SEOUL: North Korea fired two ballistic missiles on Thursday and claimed its recent blitz of sanctions-busting tests were necessary countermeasures against joint military drills by the United States and South Korea.
As the United Nations Security Council met to discuss Pyongyang’s Tuesday launch of an intermediate-range ballistic missile over Japan, North Korea blamed Washington for “escalating the military tensions on the Korean peninsula”.
The recent launches — six in less than two weeks — were “the just counteraction measures of the Korean People’s Army”, Pyongyang’s foreign ministry said in a statement Thursday.
Seoul, Tokyo and Washington have ramped up joint military drills in recent weeks, including large-scale naval manoeuvres and anti-submarine exercises.
The security allies carried out a joint “missile defence exercise” in waters off the peninsula on Thursday, Seoul’s military said, involving a US navy destroyer from the USS Ronald Reagan aircraft carrier’s strike group.

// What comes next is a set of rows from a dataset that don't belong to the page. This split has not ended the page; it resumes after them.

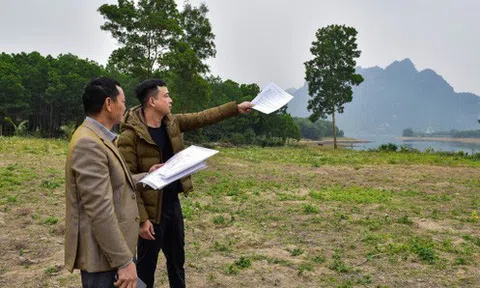 Đầu tư theo đám đông, nhiều nhà đầu tư F0 "tiến thoái lưỡng nan", cay đắng cắt lỗ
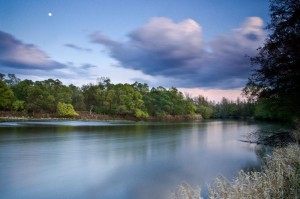 Sinisa Ludas Vode Mura's lullaby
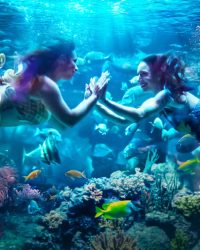 MerPeople: Nghề Nhân Ngư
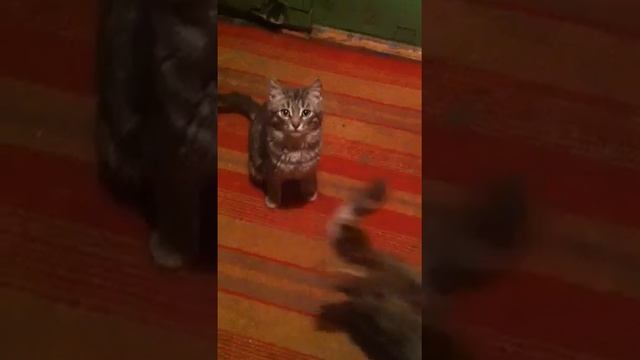 Деревенские кошки ! смотреть онлайн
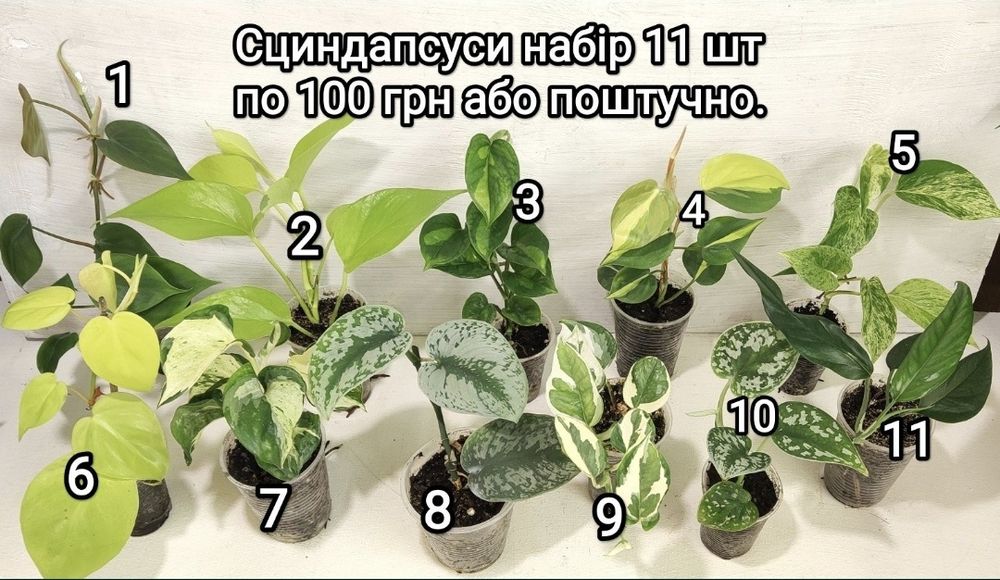 Продам Епіпремнум, сциндапсус, Пінатум -різних сортів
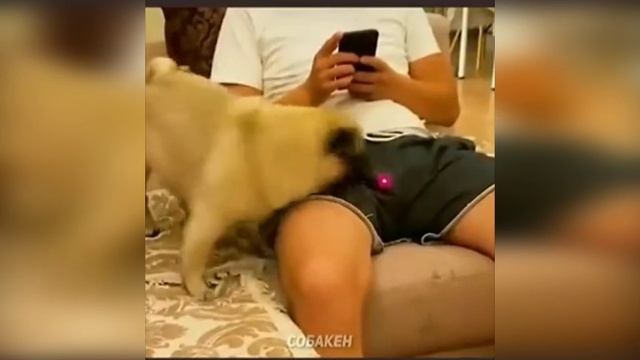 Приколы с собаками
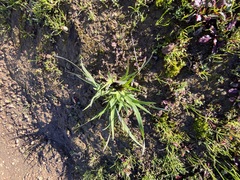 Toxicoscordion fremontii
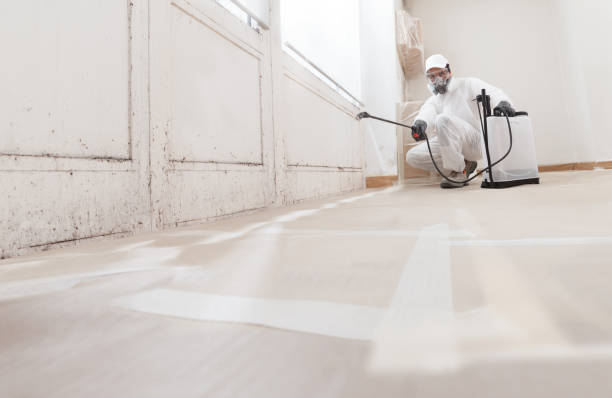 24/7 Emergency Bathroom Mold Removal experts in Forest Lake, MN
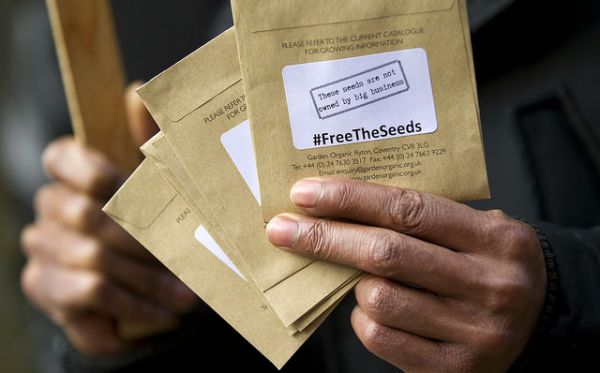 EC_magazine's tweet image. Discover our seed saving directory #FreetheSeeds ow.ly/XTSqZ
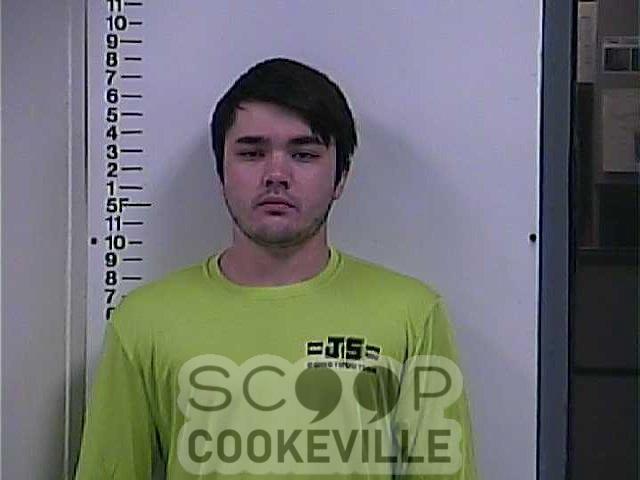 AUSTIN  RICCINTO booked on charge of: Hold/Transfer/Court No New Charges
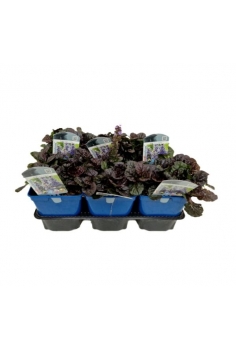 AJUGA BLACK SCALLOP 2L...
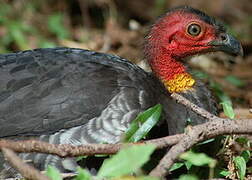 Australian Brushturkey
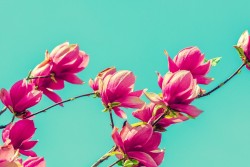 Carta da Parati Design e Stili Flora e Fauna Fiori Moderna Natura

That was “expected to further solidify operational capabilities and posture to respond to North Korean missile provocations”, Seoul’s military said. The United States redeployed the nuclear-powered aircraft carrier to waters east of South Korea after Pyongyang’s Tuesday test. North Korea’s foreign ministry slammed the move, saying it posed “a serious threat to the stability of the situation on the Korean peninsula”.
Early on Thursday, South Korea’s military said it had detected two short-range ballistic missiles launched from the Samsok area in Pyongyang towards the East Sea, also known as the Sea of Japan.
It appears to be the first time North Korea has fired missiles from Samsok, an official from Seoul’s Joint Chiefs of Staff told reporters.